The right GP/LP split is not a market convention. It is a calculation based on four deal-specific inputs: the LP's risk-adjusted preferred return hurdle, the GP's genuine contribution to value creation, the promote structure that reflects that contribution, and waterfall tiers that hold up under institutional diligence.

A 70/30 split or an 80/20 split is only defensible if the math behind it matches the deal in front of you. In 2026, institutional LPs writing $10M+ checks are testing every term against the specific risk profile of the deal - not accepting split structures on faith.

Most developers arrive at their GP/LP split one of two ways: they copy the terms from their last deal, or they anchor to a market convention like 70/30 and assume that is close enough. Neither approach survives institutional diligence. A split that worked on your last multifamily acquisition does not automatically work on a ground-up mixed-use development with a 48-month construction timeline.

This article is part of the capital stack series at IRC Partners. It does not re-explain how each layer of the stack works and does not cover structural risk reduction levers - those are handled in dedicated spokes. This piece answers one question: given that you understand your deal and your stack, how do you calculate the GP/LP split that is fair to LPs, defensible in diligence, and still protects your economics as the GP?

This article covers:

  1. How to set the preferred return hurdle so it reflects actual LP risk
  2. How to size and defend your promote based on what you are genuinely contributing
  3. How to use co-invest, waterfall tiers, and 2026 market comps to build a structure that holds up under scrutiny

Step 1: Set the LP Floor with the Preferred Return Hurdle

The preferred return is the first number to lock. It sets the minimum annual return the LP must receive before the GP earns any disproportionate upside. Get this number wrong in either direction and the rest of the waterfall is built on a bad foundation.

The institutional market reference range sits between 6% and 10% IRR annually, with 8% remaining the most common center point across deal types. But the right number for your deal is not whatever is most common - it is the number that accurately reflects the LP's risk given your asset class, business plan, and hold period.

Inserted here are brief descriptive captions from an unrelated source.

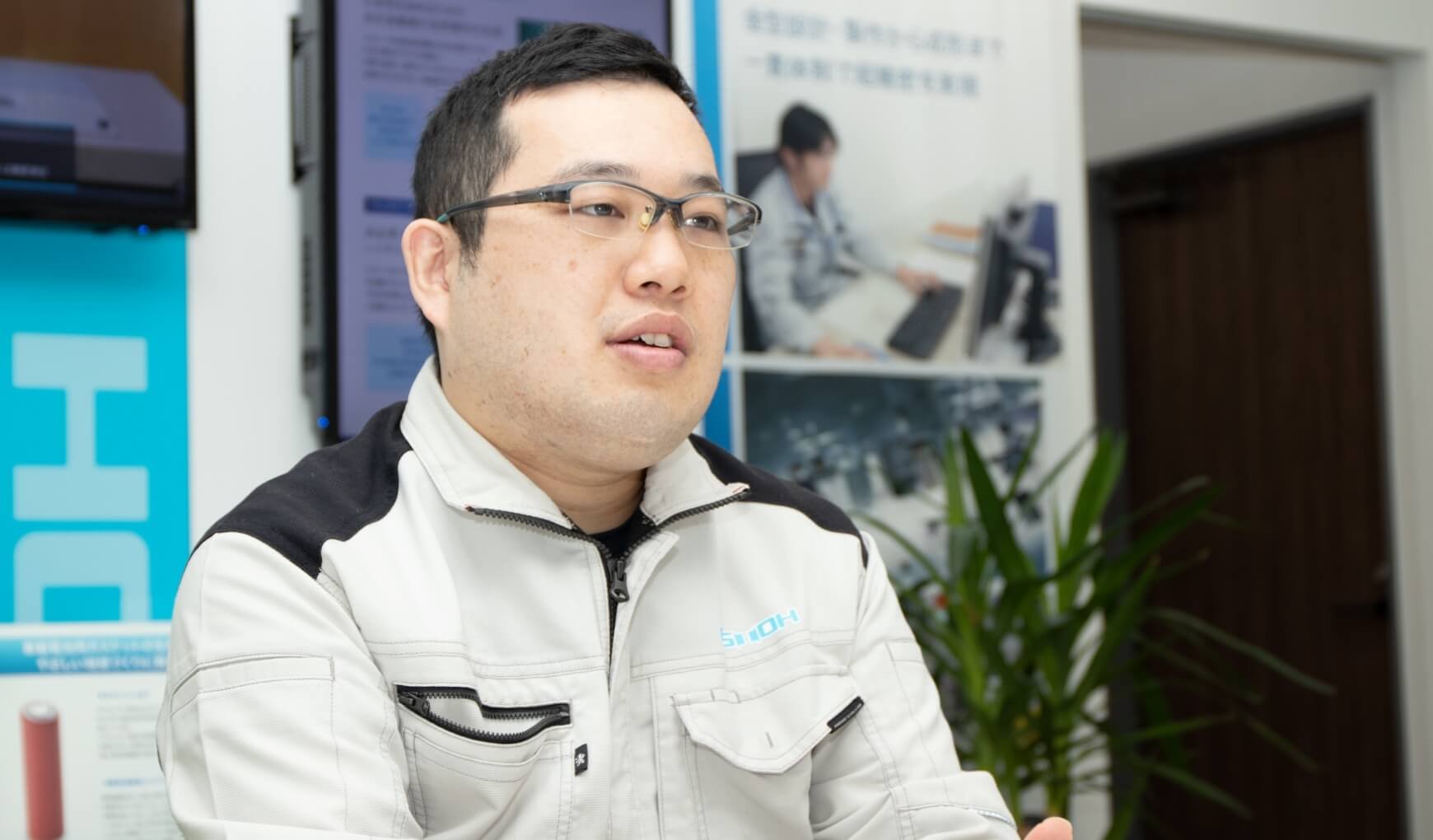 2011年新卒入社 金型担当
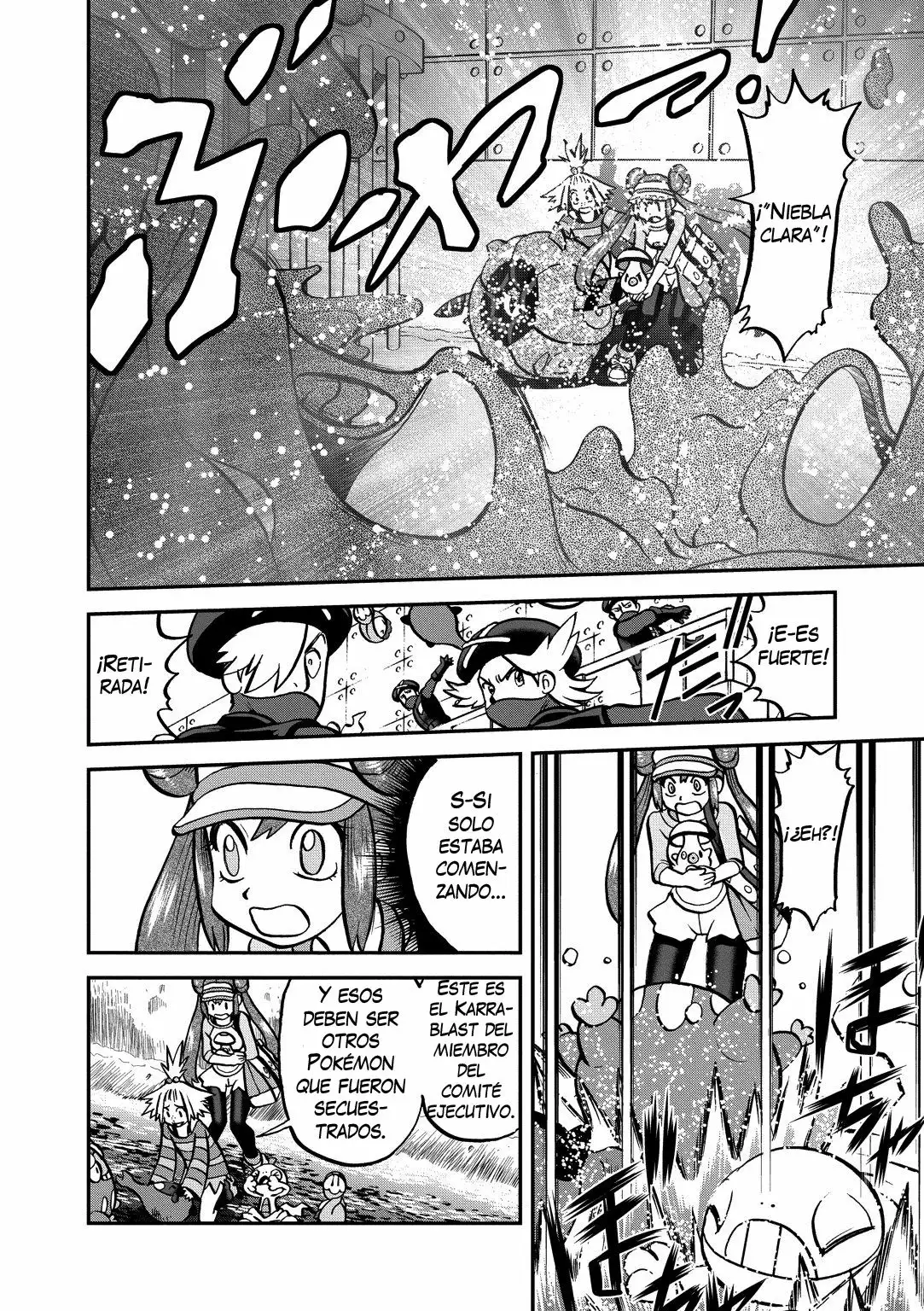 Pokémon Special Capítulo 536 - Page 11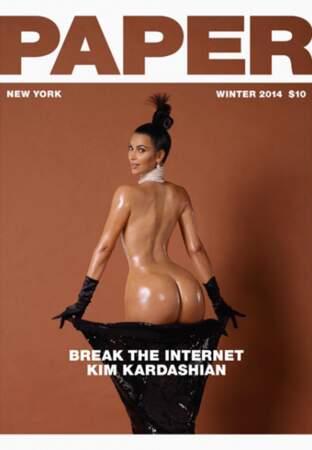 Kim Kardashian pour Paper en 2015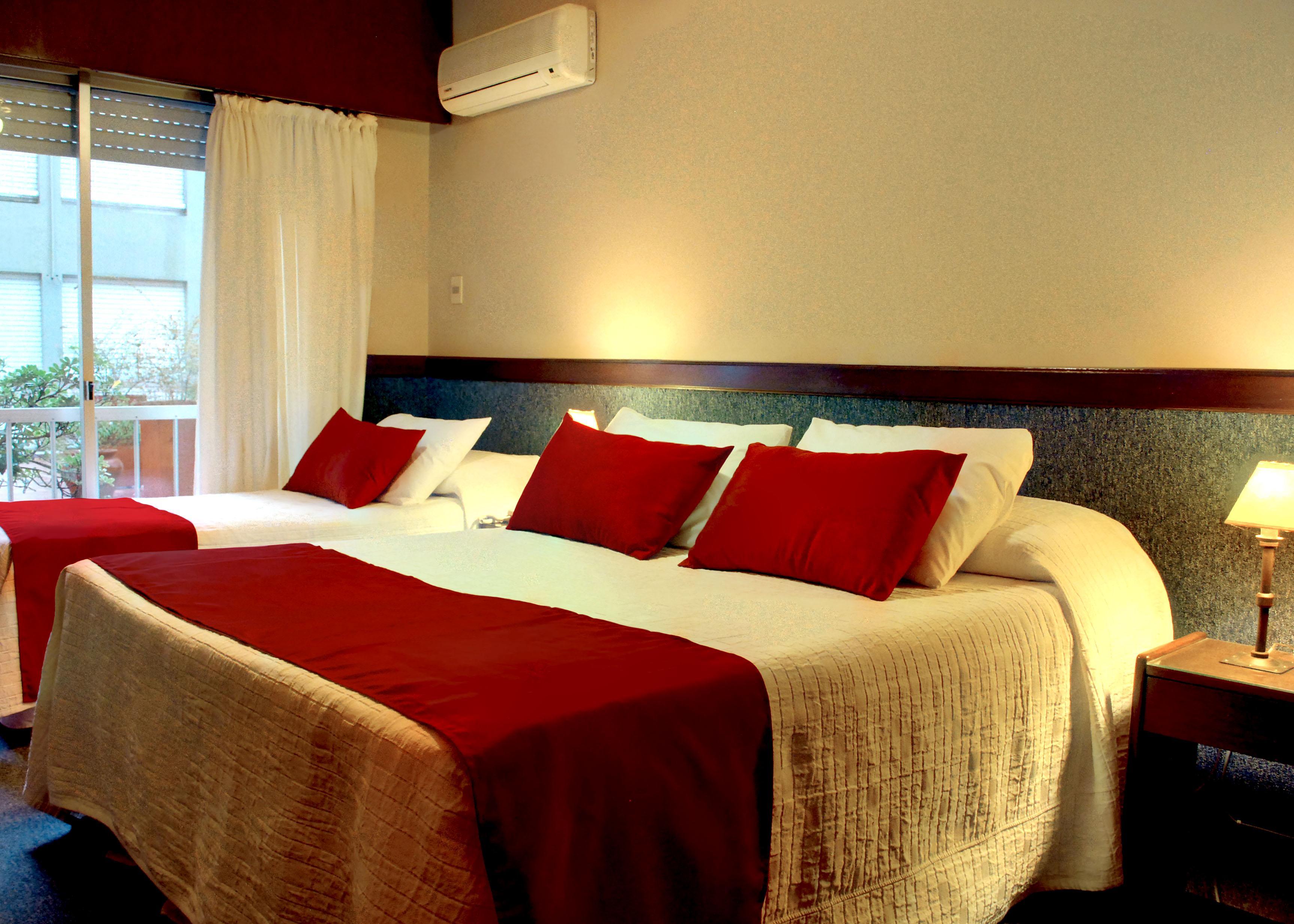 Habitación Hotel Leoncia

Pref Rate Typical Deal Profile What It Signals to LPs
6% Core-plus or stabilized value-add, short hold (2-3 years), low execution risk Modest LP protection; GP is pricing confidence in near-term cash flow
8% Ground-up or moderate value-add, 3-5 year hold, standard institutional terms Market center point; expected baseline for most $10M+ institutional deals
10% Higher complexity, longer hold, entitlement risk, or first institutional raise Strong LP protection signal; GP is trading early economics for credibility

The timing problem most developers miss

A higher pref is not always better for closing the deal. If your project has a 24-month construction period with no distributable cash flow, an 8% cumulative pref accrues against your capital account the entire time. By the time you reach stabilization, the LP hurdle balance is larger than most developers model for. Run the actual accrual schedule before committing to a rate. The pref you set today determines how long it takes before the GP sees any promote.

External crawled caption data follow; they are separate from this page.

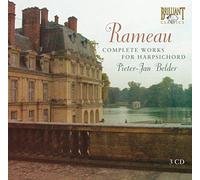 Rameau: complete works for harpsichord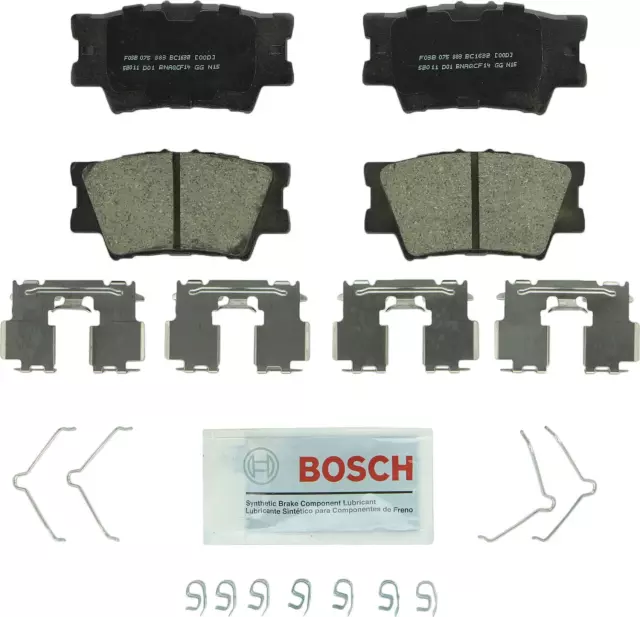 BC1632 - : Bosch Disc Brake Pad Set for Bosch Image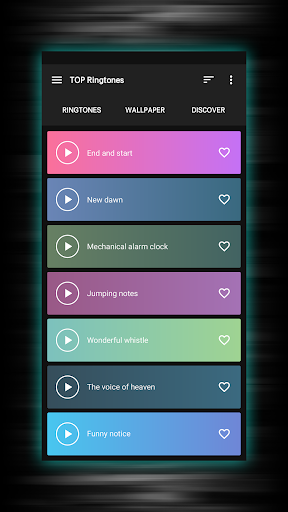 Ringtones and wallpaper for HUAWEI - عکس برنامه موبایلی اندروید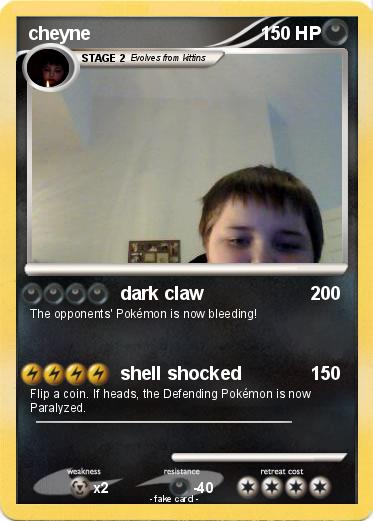 Pokemon cheyne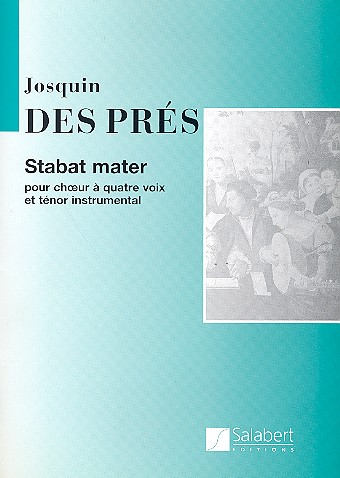 Stabat Mater pour choeur a 4 voix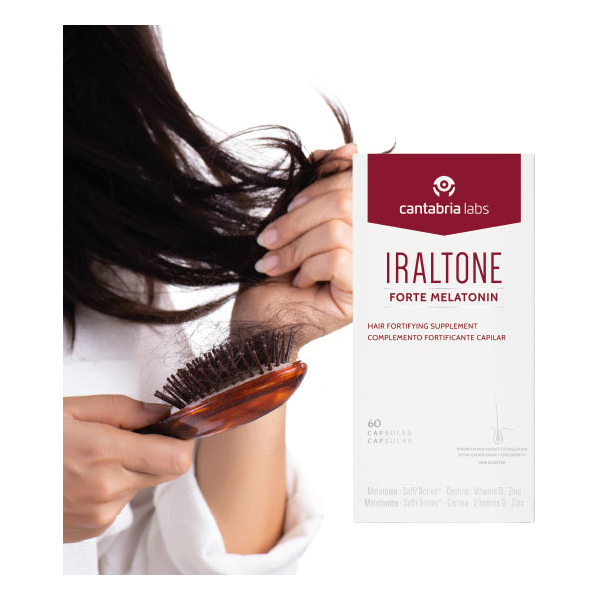 CANTABRIA LABS IRALTONE FORTE MELATONINA (60 CÁPSULAS)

Step 2: Size the Promote Based on What the GP Is Actually Contributing

Once the LP hurdle is set, the next question is how much of the upside above that hurdle the GP has actually earned. The promote is not a reward for raising capital. It is compensation for specific execution risk that the GP is absorbing and that the LP is not.

What justifies a larger promote

Before you assign a promote percentage, list what you are actually doing on this deal:

  1. Sourcing and site control - Did the GP originate the deal off-market or through a competitive process?
  2. Entitlement and permitting execution - Is the GP carrying entitlement risk through a multi-year approval process?
  3. Development management - Is the GP managing GC relationships, draw schedules, and construction risk?
  4. Lease-up and stabilization - Is the GP responsible for achieving the projected NOI that justifies the exit cap?
  5. Recap or exit timing - Is the GP making the call on when to refinance or sell in a volatile rate environment?

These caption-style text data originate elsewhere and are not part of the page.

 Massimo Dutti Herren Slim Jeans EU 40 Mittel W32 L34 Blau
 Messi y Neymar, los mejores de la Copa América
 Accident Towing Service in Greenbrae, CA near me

The more of these the GP is absorbing, the stronger the case for a promote at or above 20%. The fewer items on this list, the harder it is to defend anything above 15%.

How the math actually works

With a 90/10 equity split and a 20% promote, the GP's effective share of distributions above the hurdle rises to 28%, calculated as:

GP effective share = Promote % + (GP equity % x (1 - Promote %)) 20% + (10% x 80%) = 28%

That is a meaningful difference from the headline 10% equity ownership. Make sure the LP sees that math laid out clearly in your waterfall model. Institutional LPs do not object to a 28% effective GP share when the execution burden justifies it. They object when the GP cannot explain why.

Step 3: Use GP Co-Invest to Change the Negotiation, Not Just the Optics

GP co-invest is the variable most developers underuse as a negotiating lever. It is not just about signaling alignment. The size of the GP's equity check changes the actual waterfall math, and it changes what an institutional LP is willing to accept on promote.

GP co-invest in institutional real estate deals typically falls between 5% and 20% of total equity. The right number for your deal depends on three things: your balance sheet capacity, the total deal size, and what the LP expects to see given the deal's risk profile.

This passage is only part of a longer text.